A big risk with backups using mysqldump has to do with table locking, and updates to tables during the backup process.
The mysqldump backup process basically works as follows:
For each table {
Lock table as Read-Only
Dump table to disk
Unlock table
}
The danger is that if you run an INSERT/UPDATE/DELETE query that affects multiple tables while your backup is running, your backup may not capture the results of your query properly. This is a very real risk when your backup takes hours to complete and you're dealing with an active database. Imagine - your code runs a series of queries that update tables A,B, and C. The backup process currently has table B locked.
The update to A will not be captured, as this table was already backed up.
The update to B will not be captured, as the table is currently locked for writing.
The update to C will be captured, because the backup has not reached C yet.
This is an easy way to destroy referential integrity in your database.
Your backup process needs to be atomic, and transactional. If you can't shut down the entire database to writes during the backup process, you're risking disaster.
Also - there must be something wrong here.

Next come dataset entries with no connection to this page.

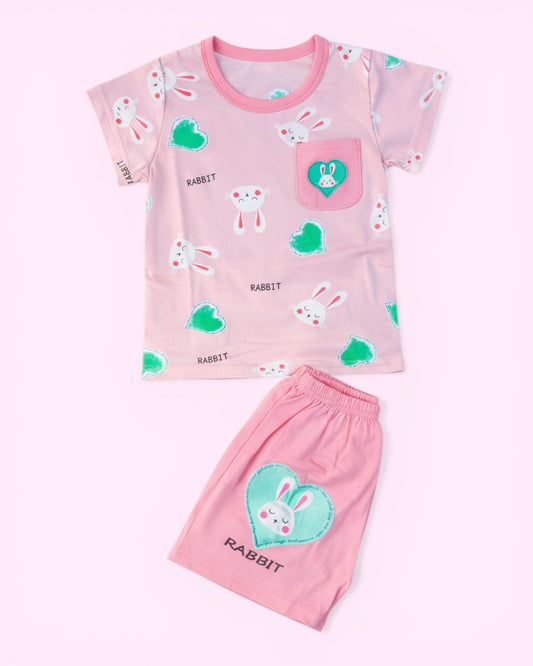 Little Roots baby girl pink cotton set with rabbit and heart print, featuring a pocket detail and elastic waist shorts.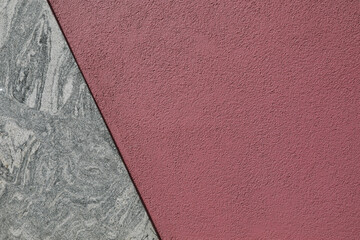 Fototapeta premium red wall divided with marble stone, abstract background with space for text, no person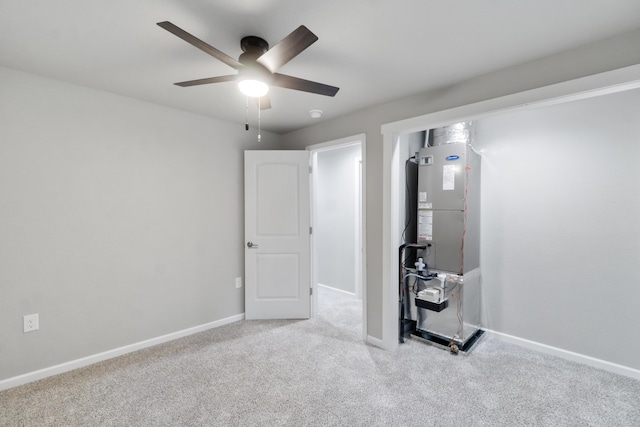 carpeted spare room with ceiling fan and heating unit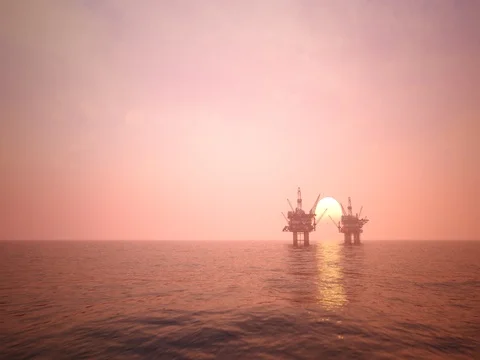 Offshore oil platforms during sunset Video stock 77743445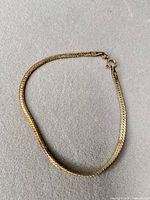 Full view of gold-tone sterling herringbone bracelet showing length and clasp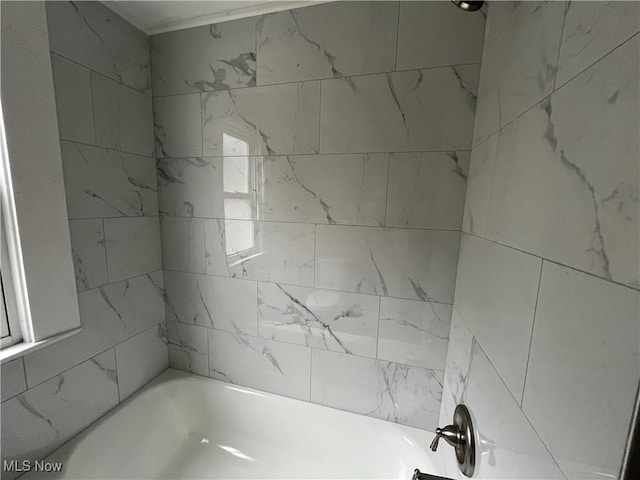 bathroom with shower / bathtub combination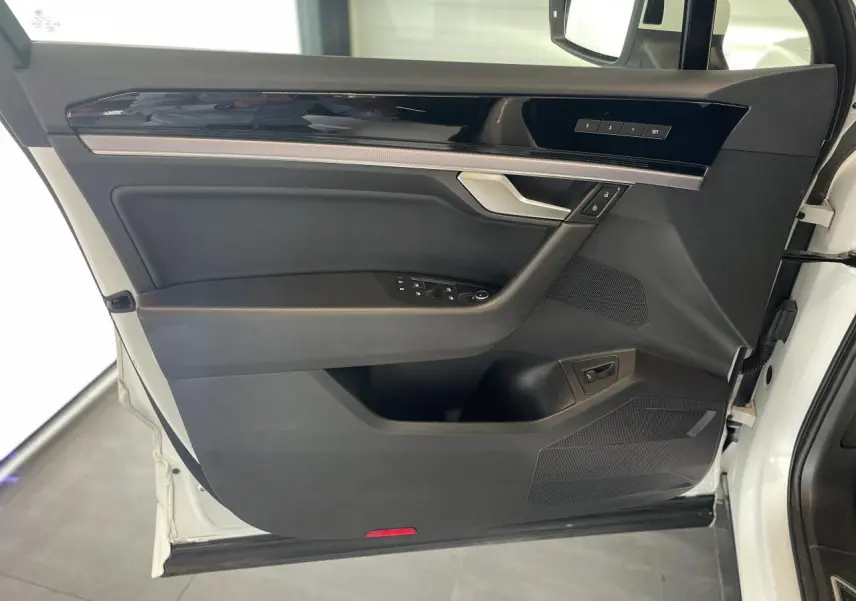 Vue intérieure côté gauche de la porte avant blanche du Volkswagen Touareg 2019 avec garniture noire et inserts laqués.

At a previous company, we were running nightly backups of a 450G Mysql DB (largest table had 150M rows), and it took less than 6 hours for the backup to complete.
Two thoughts:
Do you have a slave database? Run the backup from there - Stop replication (preventing RW risk), run the backup, restart replication.
Are your tables using InnoDB? Consider investing in InnoDBhotbackup, which solves this problem, as the backup process leverages the journaling that is part of the InnoDB storage engine.